Fix sync delay between calls to vkQueueSubmit() on non-Apple-Silicon devices.

The [MTLDevice sampleTimestamps:gpuTimestamp:] function turns out to be
synchronized with other queue activities, and can block GPU execution
if it is called between MTLCommandBuffer submissions. On non-Apple-Silicon
devices, it was called before and after every vkQueueSubmit() submission,
to track the correlation between GPU and CPU timestamps, and was delaying
the start of GPU work on the next submission (on Apple Silicon, both
CPU & GPU timestamps are specified in nanoseconds, and the call was bypassed).

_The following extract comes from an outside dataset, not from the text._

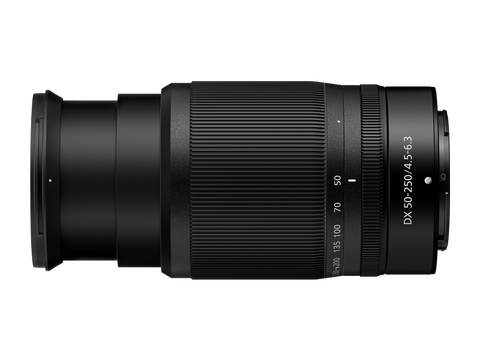 Nikon Z DX 50-250mm f/4.5-6.3 VR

Move timestamp correlation from vkQueueSubmit() to
vkGetPhysicalDeviceProperties(), where it is used to update
VkPhysicalDeviceLimits::timestampPeriod on non-Apple-Silicon devices.

Delegate MVKPhysicalDevice::getProperties(VkPhysicalDeviceProperties2*)
to MVKPhysicalDevice::getProperties(VkPhysicalDeviceProperties*), plus
minimize wasted effort if pNext is empty (unrelated).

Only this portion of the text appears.